Una scuola che non punisce il tentativo
Promuovere una pedagogia dell’errore significa costruire un contesto educativo in cui sbagliare è parte riconosciuta e accolta del processo di apprendimento. La letteratura mostra che gli studenti sviluppano reazioni più adattive, una maggiore resilienza e competenze metacognitive più solide quando vivono l’errore non come un fallimento personale, ma come un’informazione utile per crescere. L’error climate, però, non nasce nel silenzio della classe: è il risultato di norme condivise, scelte valutative, linguaggi familiari, leadership educative. Una scuola che valorizza l’errore è una scuola che valorizza la complessità, la ricerca, il dubbio, la costruzione di significato più che la semplice prestazione.
Integrare pratiche come l’analisi degli errori, la modellizzazione della correzione o la creazione di spazi sicuri per il rischio cognitivo significa accompagnare gli studenti verso una forma più matura di apprendimento: non lineare ma riflessiva, non protetta ma esplorativa, non orientata all’evitare lo sbaglio ma al comprenderlo.

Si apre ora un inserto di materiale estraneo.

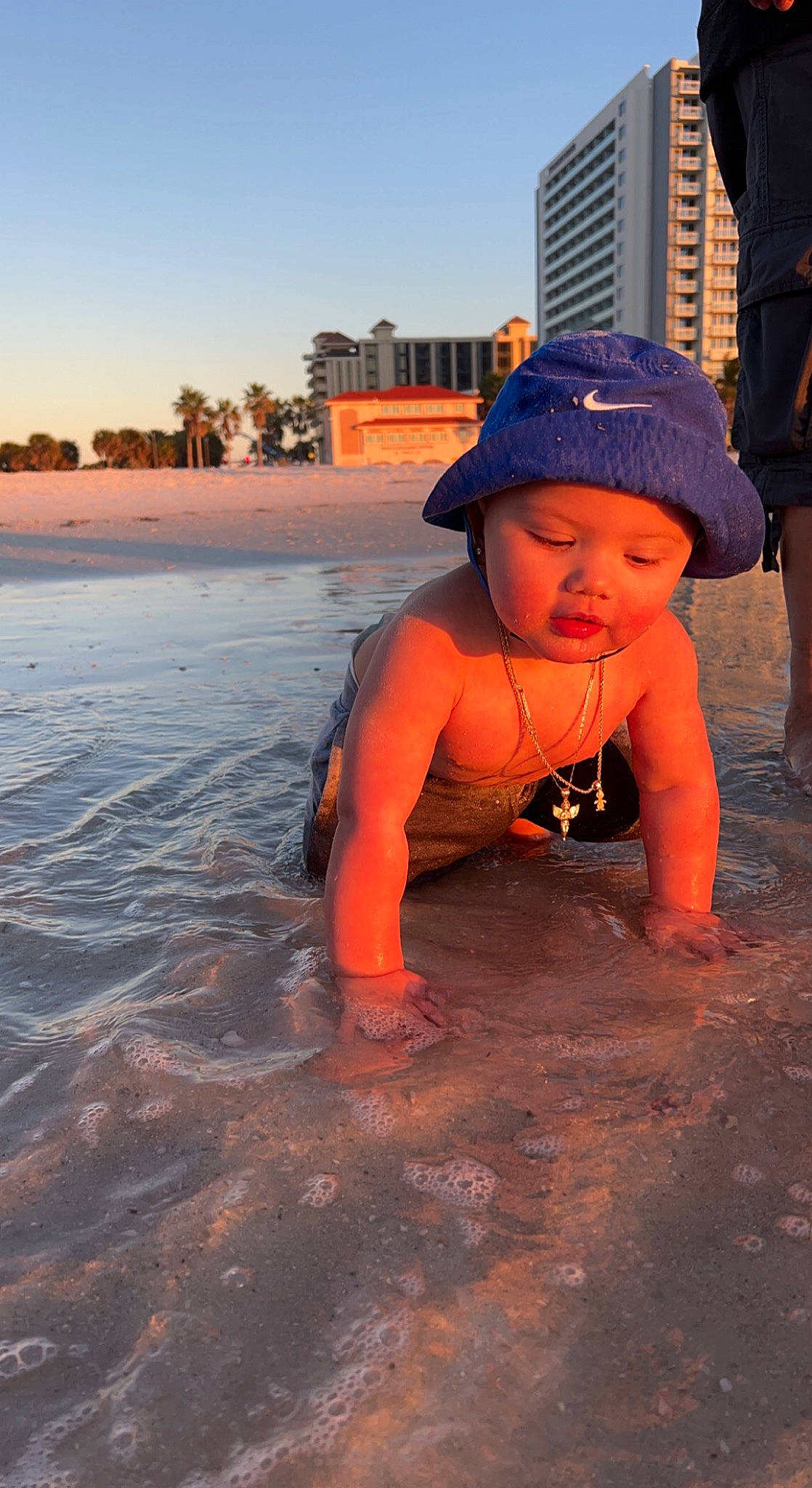 Amoni joined the competition — help win amazing prizes! beach, body_of_water, coast, freezing, fun, headwear, horizon, landscape, leisure, orange, people_on_beach, person, personal_protective_equipment, reflection, sand, shore, sky, sunlight, toddler, tree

L’errore è il luogo in cui il pensiero si muove, si mette alla prova, si allunga verso nuove connessioni. È un laboratorio cognitivo ed emotivo che, se sostenuto da un clima positivo, permette agli studenti di diventare più consapevoli, più coraggiosi, più competenti. La domanda per ogni docente allora non è più: “Come evitare gli errori?”, ma: “Quali opportunità posso offrire affinché ogni errore diventi una conquista?” È da qui che nasce una scuola capace di formare apprendenti resilienti, critici e responsabili: una scuola che non teme il fallimento, ma lo riconosce come la sua più preziosa occasione di crescita.
Giulia Toti, psicologa e psicoterapeuta, è dottoranda in Educazione, Linguaggi e Culture presso l’Università LUMSA. La sua ricerca si concentra sulla formazione docenti e la visione professionale in ambienti digitali, includendo empowerment cognitivo, prevenzione della dispersione scolastica, ambienti di apprendimento digitale e sviluppo professionale docente.